/ Safety Management Systems / March 20,2011
Occurrence or Hazard Investigation / Version 1
Introduction / Page 1

Occurrence or Hazard Investigation

Introduction

Operator’s need to have a process in place to investigate or follow up any event or condition that has the potential to affect their operation, whether it is in the realm of safety, operational efficiency or financial.

Any event or condition that can have a negative effect should be deemed a threat. To properly react to any given threat, you must first understand what the threat is and respond with a measured response. You can view this as a scale of response. The goal is a proper response that doesn’t waste personnel’s time or company resources but has the effect of properly mitigating the threat to an acceptable level.

In the section on Risk management you will find various definitions and explanations of the basic aspects of Risk Management. In this section we will concentrate on the specific activities around the process used to identify the risks following an event or a report identifying a potential hazard.

Throughout the explanation it will be beneficial for you to keep the flow chart handy so that you can follow the logic and flow of the explanations.

We will be covering two versions of the process, the full or long form version which is used for major investigations following serious events and the short form which should be used in the majority of investigations.

The reason for having two versions is that the majority of events will only require an short form investigation. However if the event is quite serious or had the potential of becoming a major accident, you may want to conduct a full blown investigation. The major difference between the two is the amount of people involved in the process and the length of time to complete.

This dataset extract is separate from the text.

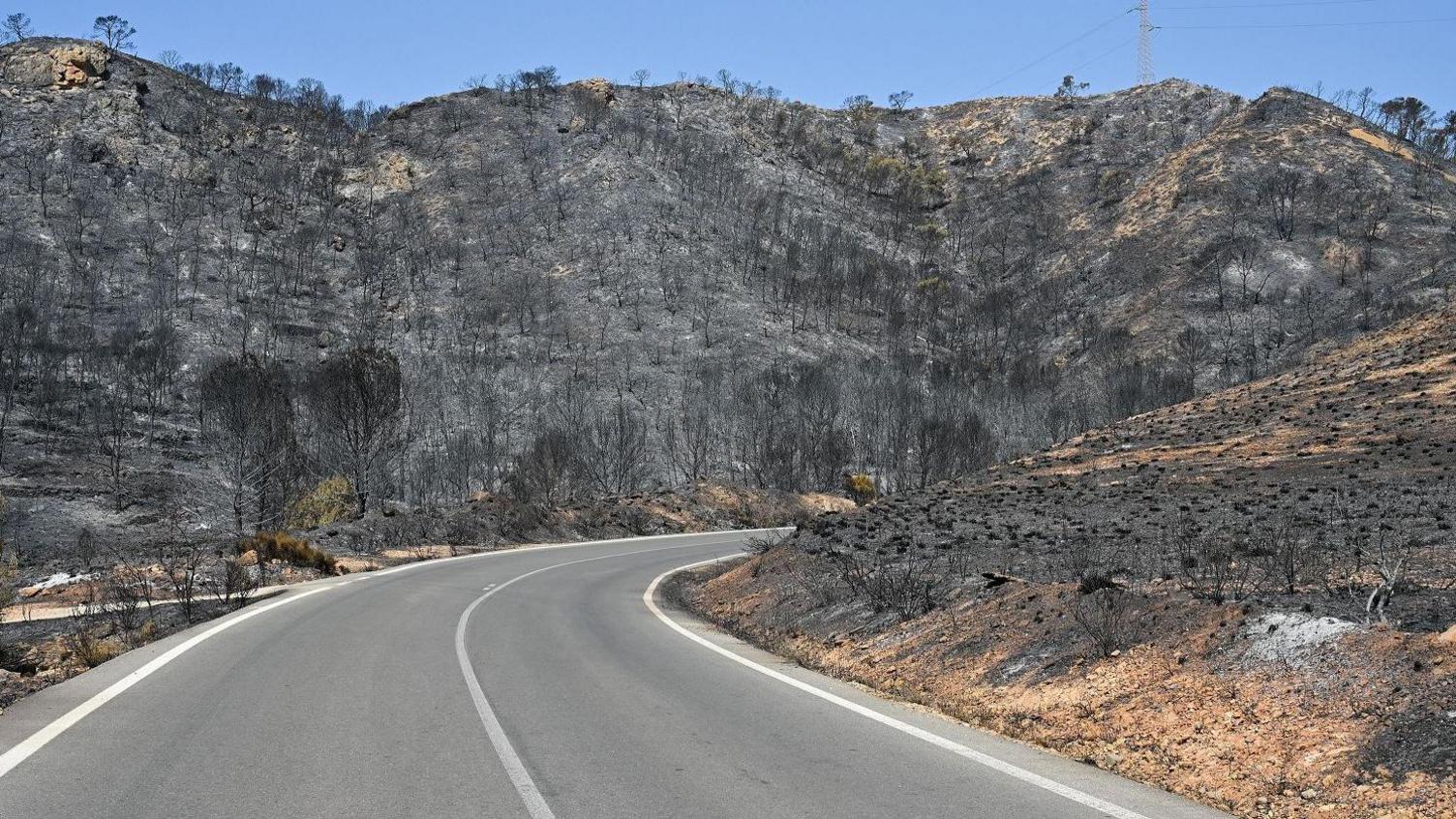 Elders’ Fire Wisdom Recalled as British Couple Rescued from Burning Ravine in Spain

A short form can be done in a few days whereas a full investigation could take weeks.

If you’re going to use both types then you need to develop what criteria you will use to do one or the other. One approach is to start every investigation as if it will be a full investigation and then review the event to see if it warrants being investigated by the short form. In this way if you err it will be on the cautious side.

Definitions

Assumption / Accepting the risk and proceeding.
Avoidance / Use of an alternative approach that does not have as high a level of risk.
Consequence / The possible negative outcomes of the current conditions that are creating uncertainty.
Hazard / a source of potential harm, or a situation with a potential for causing harm, in terms of human injury; damage to health, property, the environment, and other things of value; or some combination of these.
Hazard Matrix / A table used in the prioritizing of analyzed risks
Hazard Risk Index / The analysis of a hazard by estimating its probability and severity, the result of which is the Risk Index.
Mitigation / The measures to eradicate the hazard or to reduce the probability or the severity of a risk, thereby reducing the Risk Index.
Potential Remedial Action / Possible action, such as procedural or equipment changes that are use to lower the risk index.
Probability / An expression of how likely the risk is to cause loss, damage, or injury.
Risk / The potential consequences of a hazard, measured in terms of severity and probability
Risk Control / Controlling risks involves the development of a risk reduction plan and then tracking to the plan.
Risk Management / The sum of all proactive management-directed activities that are intended to acceptably accommodate the possibility of failure.
Risk Management Process / A systematic way of identifying, analyzing, and managing risks.
System Safety / A risk management process wherein a systematic process is employed to identify and control risks throughout the life cycle of a project, program or activity.
System Deficiency / The circumstances which permit hazards of a like nature to exist within a system.
Severity / Severity is a measure of the negative impact which could result from an occurrence caused by a hazard.
Terminate / Action will be taken to immediately cease operations until acceptable correction action is taken.
Tolerate / Risks that have a Risk Index so low that they will be tolerated without further action.
Transfer / An attempt to pass the risk to another entity, external or internal.
Treat / Action will be taken to correct the situation and develop mitigation activities.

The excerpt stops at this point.